Россия вообще была самая интересная страна, потому что главная ее история происходила внутри, а не вовне, и главные войны опять-таки были внутренними. Самое интересное начиналось в случае войны, хотя бы и гипотетической; главные конфликты в солдатской жизни разворачивались вовсе не с вероятным или невероятным противником, а с тем самым сержантом или иным вышестоящим командиром (просто сержант был ближе, почти родня). Считалось, что сержант и вся стоящая над ним пирамида, включая обязательного СМЕРШевца, вырабатывают таким образом из солдата настоящего мужчину, хотя настоящего мужчину они как раз выдавливали из него по капле, как раба, а вместо того вещества, из которого делаются мужчины, вливали в его жилы и кости тухлую, рыхлую, дряхлую субстанцию, парализующую всякое осмысленное сопротивление. Обработанный таким образом солдат только и способен был воевать истинно варяжским способом — то есть ничего вокруг не сознавая и боясь своих больше, чем чужих. Солдаты варяжской армии маршировали в пекло с облегчением — ни один враг не мог унизить и вздрючить их так, как сержант или СМЕРШевец.

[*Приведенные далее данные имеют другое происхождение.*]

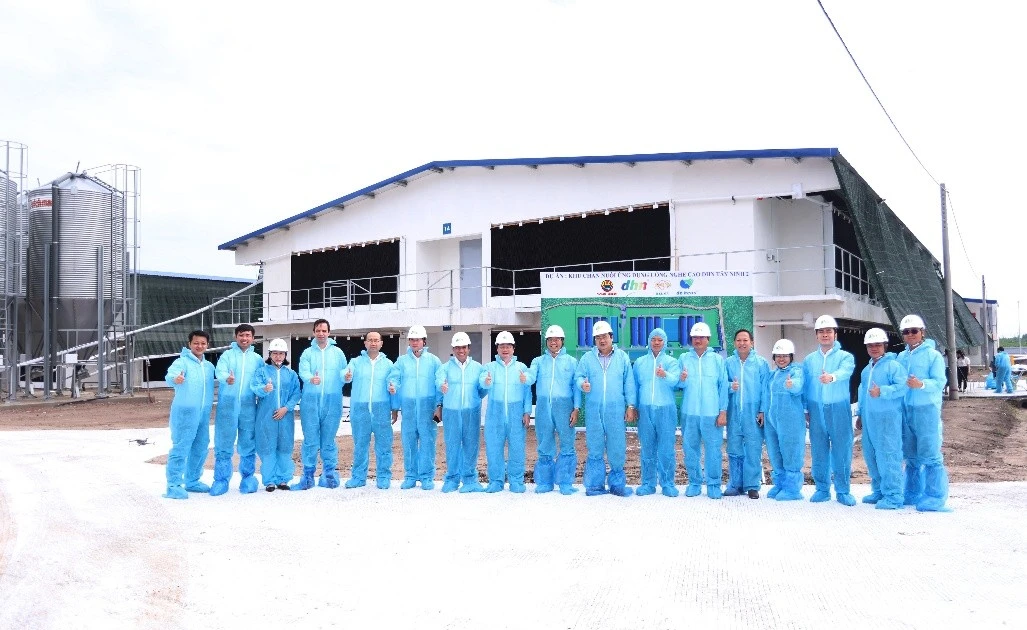 Lãnh đạo Tây Ninh khảo sát tiến độ Dự án chăn nuôi công nghệ cao DHN Tây Ninh 2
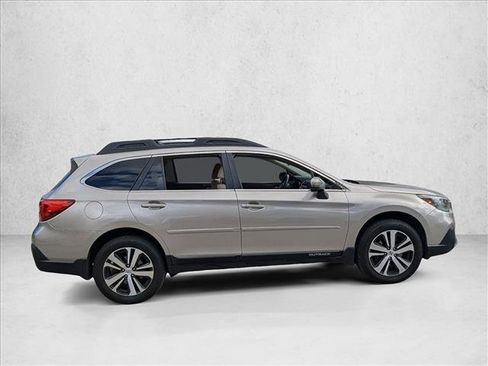 Used 2019 Subaru Outback 2.5i Limited image 4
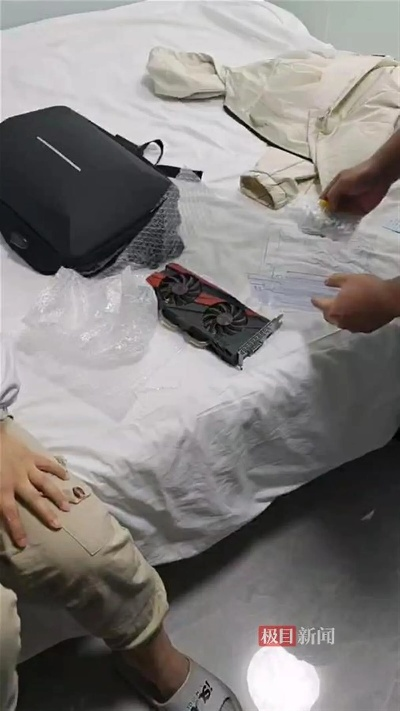 三张价值近10万元显卡被盗！小偷竟破门闯入电脑店作案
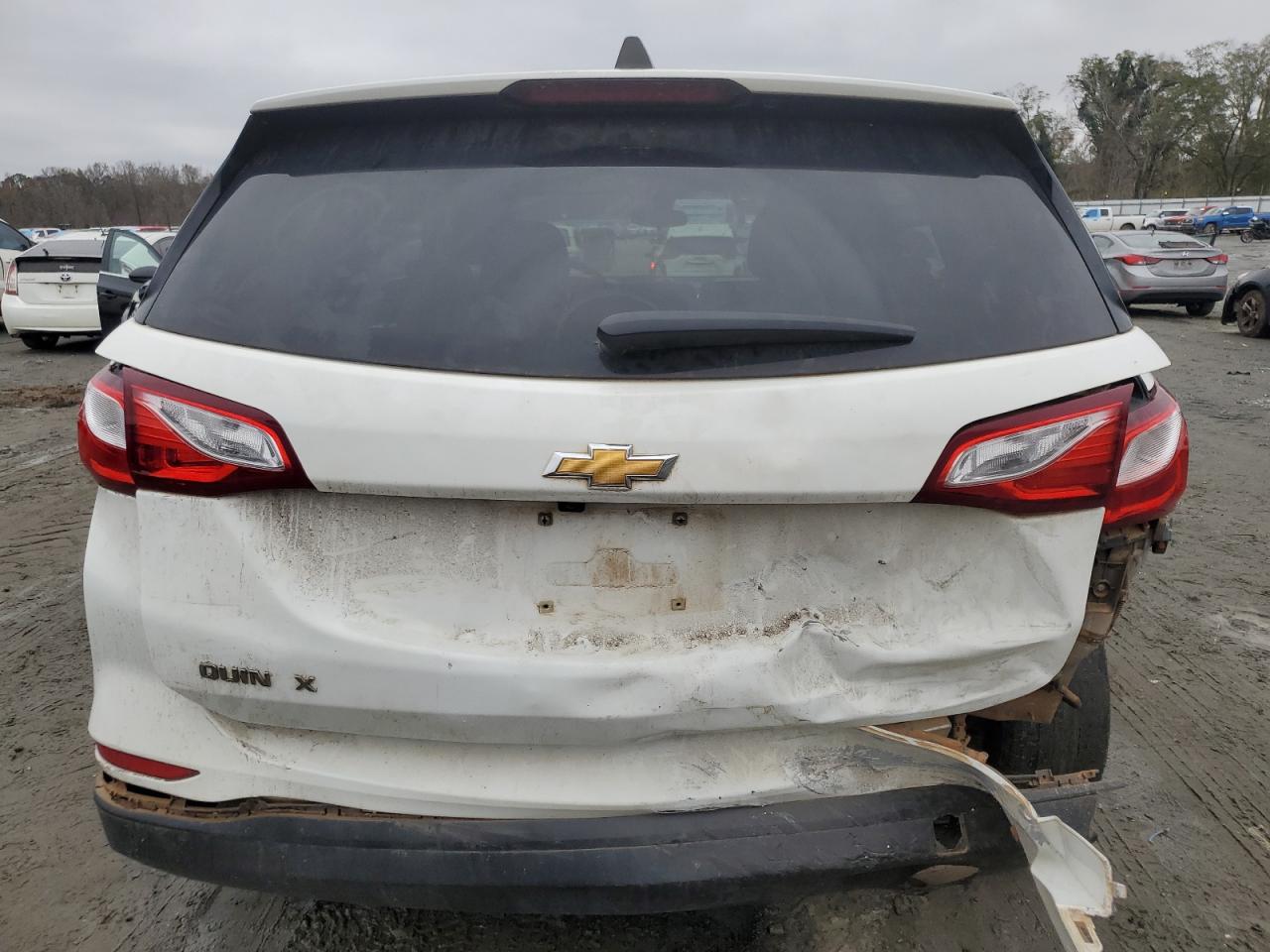 2018 Chevrolet Equinox VIN 2GNAXHEV3J6302403 Copart auction photo, all over damage thumbnail 6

Но что же командиры? Что же СМЕРШевцы? В том и заключалась особенность варяжской армии, что они никогда не были солдатами и не могли ими стать, будучи рождены для другого. Любой офицер, заставь его кто-нибудь проделывать то, что требовалось от солдата, обнаружил бы полную профнепригодность,— как и любой менеджер в варяжском бизнесе, поставь его прихотливая судьба на место того, кем ему выпало управлять, оказался бы не способен ни на что, кроме приготовления и распития кофия. Варяжское начальство ни в чем не могло подать примера, ибо не владело ни одним из руководимых ремесел, с одинаковой легкостью руля то нефтянкой, то мобильным бизнесом, то ротой, то госпиталем; варяжский прораб не умел строить домов, варяжский генерал не умел строить оборону, варяжский дирижер не умел строить скрипку — все они умели строить только подчиненных, предпочтительно по ранжиру. Ни один истинный варяг не имел навыка ни в каком деле, кроме насилия над непосредственным подчиненным, и всякий варяжский бизнес строился по тому же принципу — здесь орали на тех, кто работал, и не могли ничего другого. Во всяком другом бизнесе в начальство выбивался тот, кто нечто умел и в чем-то преуспел; только в варяжском начальство было особой кастой, куда никто не мог проникнуть извне. Варяжскими начальниками рождались — и годились на эту роль только те, кто не был способен ни к какой деятельности, но виртуозно умел топтать способных. Евдокимов был прирожденный СМЕРШевец, элита элит: он вообще ничего не умел. И он был некрасивый. Он был словно топором рубленный. Он был неуклюжий. Он был плечистый, нечистый. Блевотное он был существо, прямо говоря. Мало кто был хуже Евдокимова. Варяги любили Евдокимова, ценили Евдокимова.